The Tongans seem friendly though but coarser than the French Polynesians. Some will ignore you walking by on the street, others have a big hello. BTW - they speak English here!!!! Major bonus after all the French. They mostly speak Tongan to each other but all speak English. There are several restaurants/bars here catering to tourists and to locals. Some of the locals were obviously using the bar more than the restaurant and drinking seems to be a problem with some of the riffraff. And, this definitely is cruiser central. The harbor has close to 70 yachts inside, most on moorings (15 pangas/day - about $10US). Mermaids (home of the Vava'U Yacht Club) has a dinghy dock and lost of yachties. The band there played until after 2AM the night we came in which we could hear very well being close by on our mooring.

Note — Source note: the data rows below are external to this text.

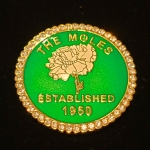 GREEN  MOLES lapel pin with CARNATION and Crystals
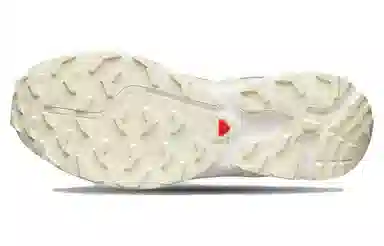 SALOMON XT-6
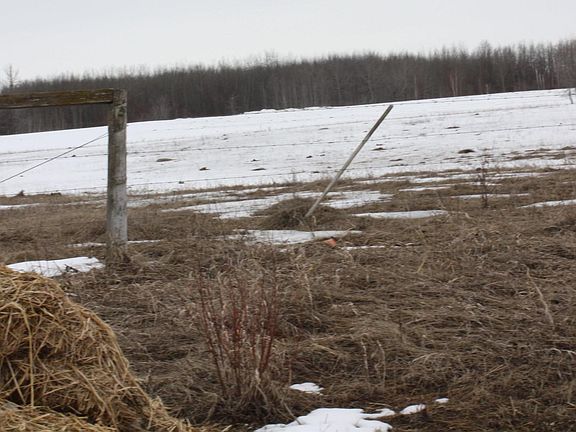 2nd image of Township 655 Rr185 Rural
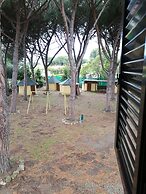 Hotel Paradiso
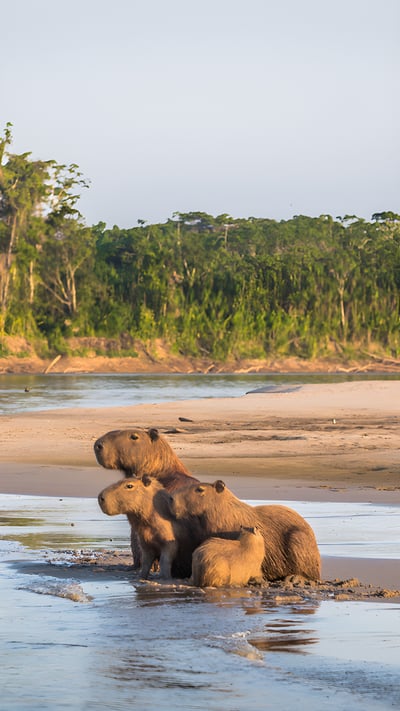 Família de capivaras às margens da floresta amazônica no Parque Nacional de Manu, Peru (© RPBMedia/iStock/Getty Images Plus) mobile wallpaper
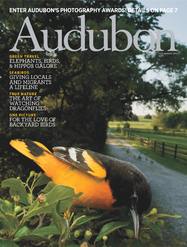 Audubon Magazine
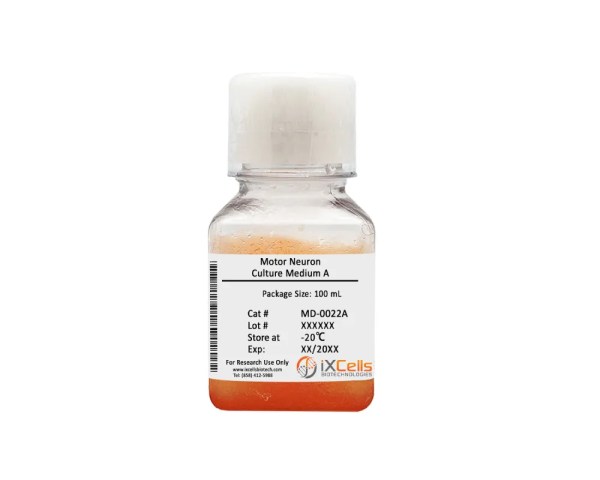Motor Neuron Culture Medium A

We have met three boats here that we have talked to on the radio before that are each completing their trips around the world. Two are Australian boats and one is Turkish. S/V Yol is skippered by Levent and his lovely and charming wife Ayca (eye-sha). Wonderful people, full of life. They have to go back to Turkey, sell the boat and go back to work. I spent several hours trying to help S/V Shine fix their Autohelm autopilot to no avail. I think it is the computer which will have to be replaced (it is obsolete of course and cannot be fixed). Autopilots are one of the most essential pieces of gear. They have to sail 500nm to Fiji to get a reasonably priced replacement, steering all by hand, with weather changing every third day - it may be nasty - and will be absolutely exhausting. That makes seven boats who have lost their autopilots that we know of which is why I have talked about it so much. Don't leave home without spares!!!! Shine has spare everything (display control units, compass, rudder follower and a hydraulic pump and a linear drive) all except the computer which is what is broken.

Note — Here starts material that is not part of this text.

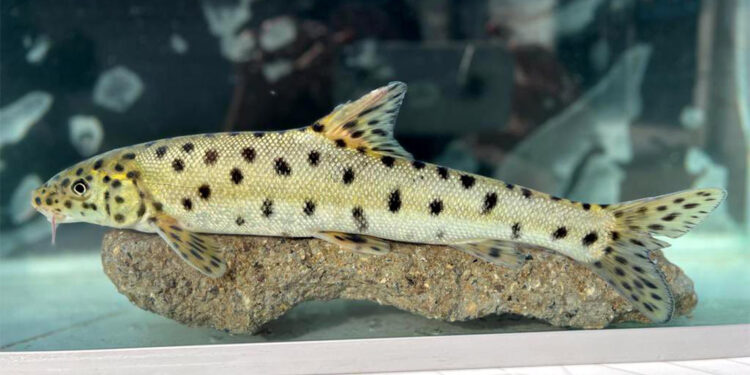 Kırmızı listedeki "leopar sazanı" Dicle Nehri'nde tespit edildi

Last night we went to a Tongan "feast" at an anchorage called Barnacle Beach an hour from the harbor. We took MD over and finally got the hook set after three times in the coral. We dinghied to the feast beach (used our dinghy wheels to get up the beach) and joined several other boats for a sit down traditional meal. There was a roasted in the ground small suckling pig, yams, taro, raw fish in coconut milk, some other kind of raw fish with spicy peppers, smoked octopus, some kind of cooked taro clumps with sweet sauce, watermelon, papaya and other goodies. We had a blast. We dinked back to MD in the dark around to the next anchorage and woke up this morning at 5AM to the church bells which must be just onshore from where we are anchored. Very loud church bells. Rung for a very long time. Rung again at 6AM. I am now writing this blog at 6:30AM. It is still very dark outside. Very religious people here. They like bells and church on Sunday. Lots of bells. No working, no restaurants, no bars, no swimming, no fishing, no nothing but church and bells. Tongans are deeply religious in several faiths and each island has its own church or churches. Lots of Catholics but also Mormon, Protestant and Seventh Day Adventists. We may even go to church today with the folks who did the feast last night. We were all invited and I think several of the boats will go.

This is long enough. I expect more bells shortly so I will stay up. I need to fix our solar panel charger today. It quit this week and is a very useful item. I can't be seen working though - it really is taboo on Sunday to do work of any kind - seriously. Nobody cuts the grass on Sunday here. Just listen to bells.